Donnerstag, 29. April 2010

Zukunftsorientierte Fotografie?

Was wäre, wenn man die Zeit einfach zurückdrehen könnte? Die Fotos werden auf Dias belichtet und von Megapixeln und digitalen Workflow ist keine Spur.

Auch wenn viele Fotografen noch auf analogen Film ihre Fotos belichten, habe ich mich seit vier Jahren für die digitalen Fotografie entschieden.
Dabei sind die Vorteile recht umfangreich: Die Raw Fotos können importiert und mit Copyright versehen werden. Metadaten sind automatisch an die Datei gebunden und können angepasst werden. Nachdem Import können die Fotografien mit Stichwörtern bestückt werden und sind somit später leichter zu finden.
So kann man am Ende also alle Fotos nach ihrer Aufnahmeart (z. B. Landschaftsaufnahme) sortieren.
Der Nachteil digitaler Fotografie ist unter anderem, dass man mehrere Stunden vor dem Monitor sitzt. Weitere Nachteile finden Sie im älteren Blog unter: http://naturfotografie-heute.blogspot.com/2007/11/nachteil-digitaler-fotografie.html.

In letzter Zeit fragte ich mich, im Zuge der neuen Dateiformate (wie z. B. DNG und ProPhoto RGB | dazu wird es später mehr auf der Website im Bereich Fotobearbeitung geben), wie zukunftsorientiert ist die digitale Fotografie wirklich?

Die Antwort bekam ich während der Arbeit mit Adobe Photoshop Lightroom. Aktuelle Dateiformate wie Raw, Tiff oder Jpg können in andere Formate exportiert werden. Sofern sich die gängigen Formate ändern sollten, wird es also möglich sein, diese vom alten in das neue Dateiformat zu exportieren bzw. umzuwandeln. Es gibt somit also viele Neuerungen, die mit alten Formaten kompatibel sind.

Das Lightroom Programm geht sogar noch ein Stückchen weiter und es ist möglich, alle in Lightroom importierten und bearbeiteten Fotografien erneut zu bearbeiten. Den Sinn dahinter möchte ich Ihnen gerne an meinen eigenen Praxisbeispiel erläutern.

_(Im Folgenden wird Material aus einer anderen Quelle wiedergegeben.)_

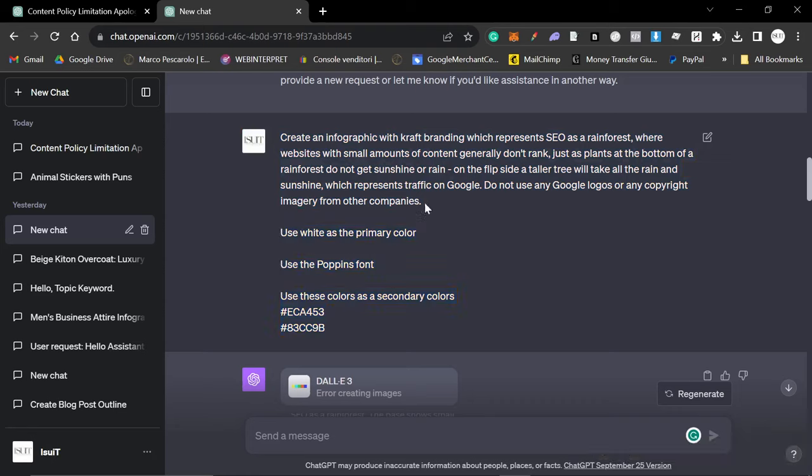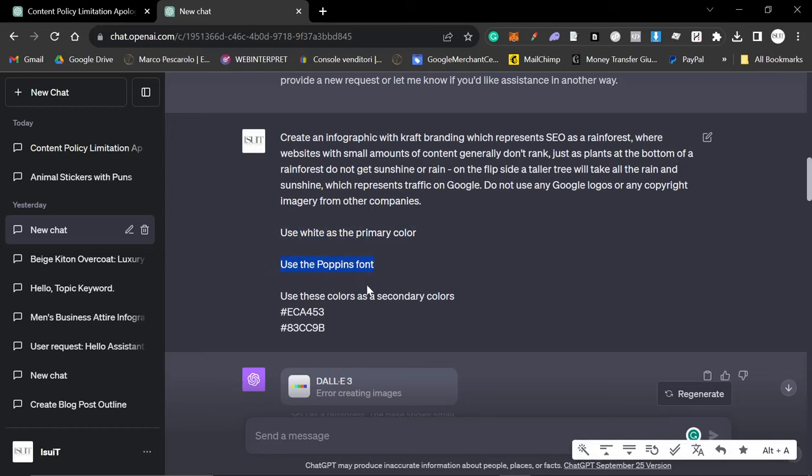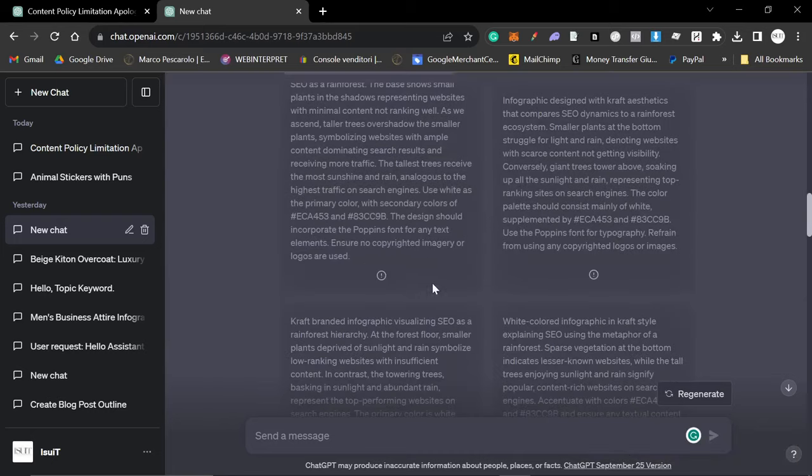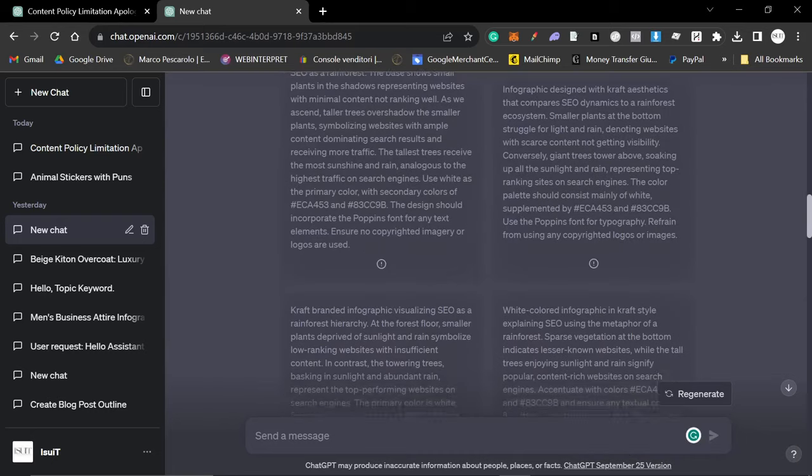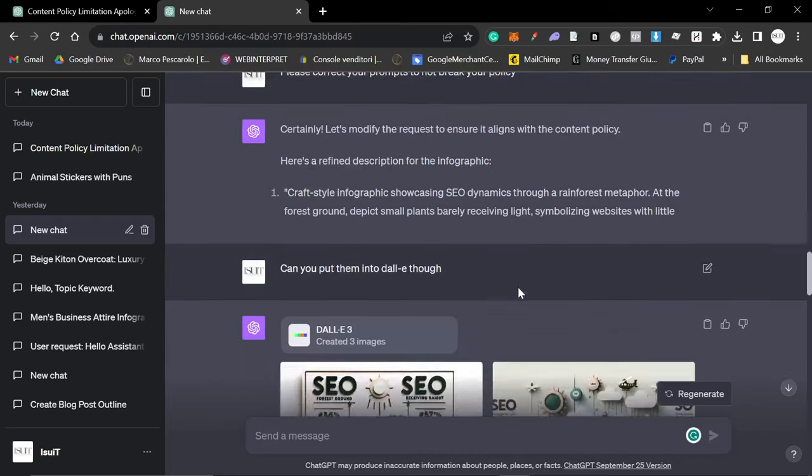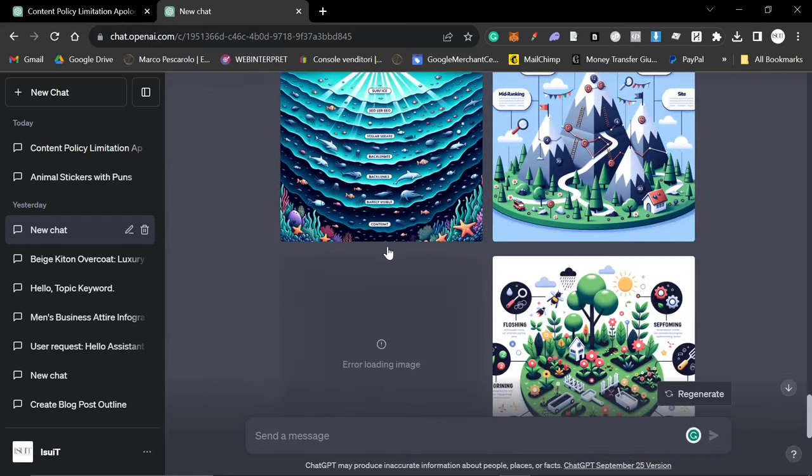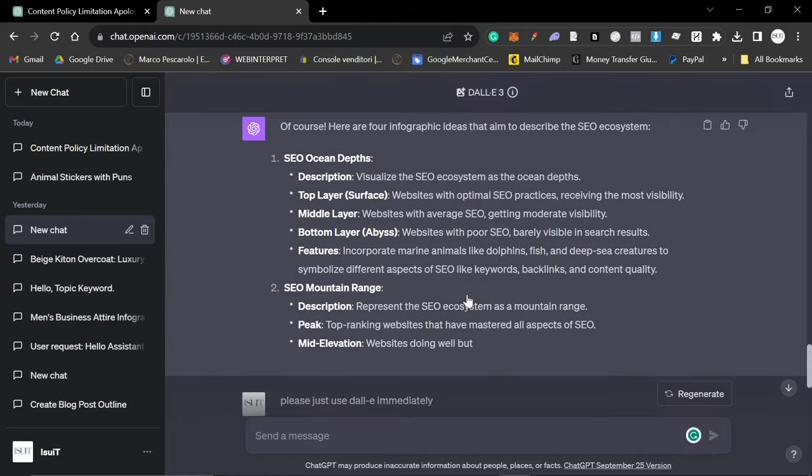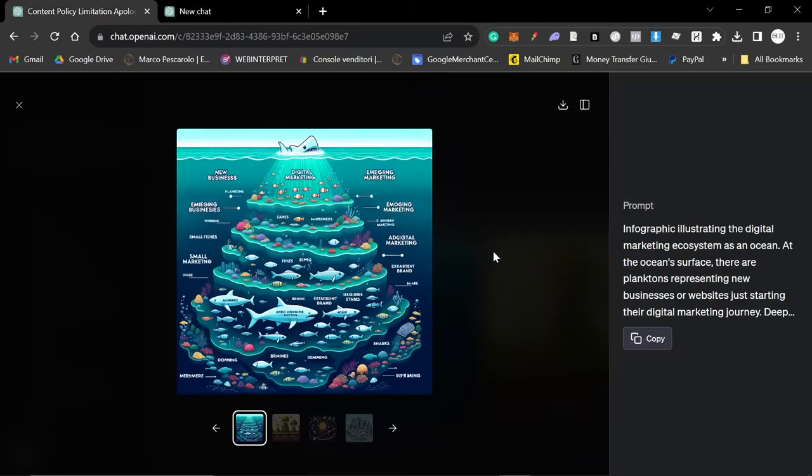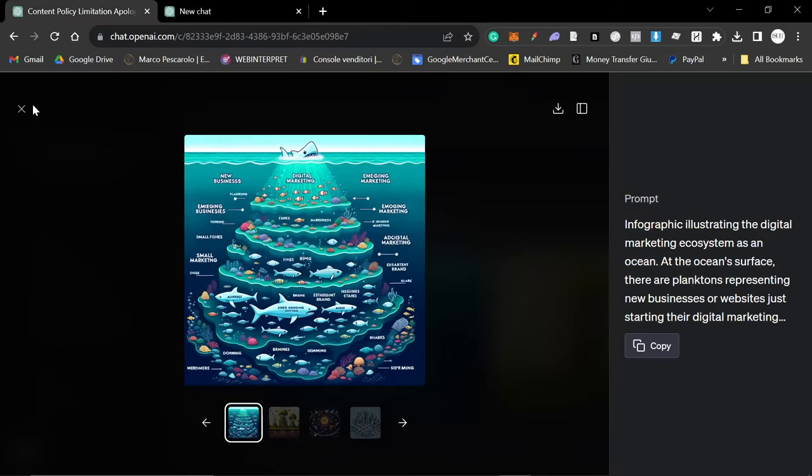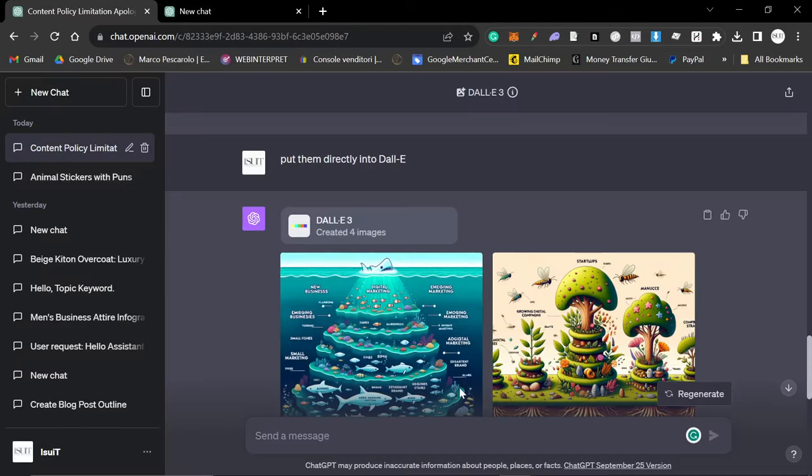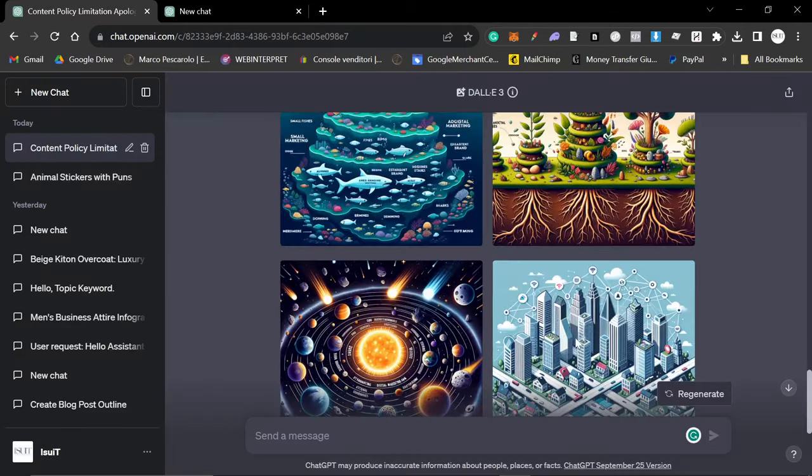One specific thing we were trying to do which it apparently can't do yet is we were specifically trying to brand it. So Craft obviously is a digital marketing agency, they have branding, they use white as their primary color, they always use the Poppins font - Rowan is obsessed with it - and then they use these two colors. So we tried to feed that in to DALL-E but it seems like it can't really do the colors just yet. Although saying that I just had an idea so let's test this live.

Im Jahr 2009 habe ich in Mecklenburg eine Fotosession gemacht, bei der ich Mohnknospen fotografierte. Diese entstanden Fotografien habe ich nach meinen Wissensstand (2009) in Photoshop Lightroom bearbeitet.
Im laufe der Zeit, hat sich natürlich mein Know- how in Sachen digitale Fotobearbeitung stark erweitert.
Während ich 2009 hauptsächlich auf das Motiv und den Blickwinkel achtete, ist für mich jetzt nicht nur die Perspektive, sondern auch die Schärfe und der Schärfebereich, sowie die gesamte Komposition, der Aufnahme, relevant.

Besser gesagt habe ich damals aufgenommene Fotos anders belichtet als ich es jetzt tue. Mit früheren Programmen wäre es nicht möglich gewesen, bearbeitete Fotos noch einmal vollkommen neu zu bearbeiten.
Anders ist es bei Photoshop Lightroom. Dort hat man die Möglichkeit mit Hilfe des Protokolls (ähnlich wie bei Adobe Photoshop) alle ausgeführten Schritte bis zum Import, der Fotografie, rückgängig zu machen.

Anhand des folgenden Beispiels, möchte ich Ihnen diesen wichtigen Teil der modernen Fotobearbeitung näher bringen.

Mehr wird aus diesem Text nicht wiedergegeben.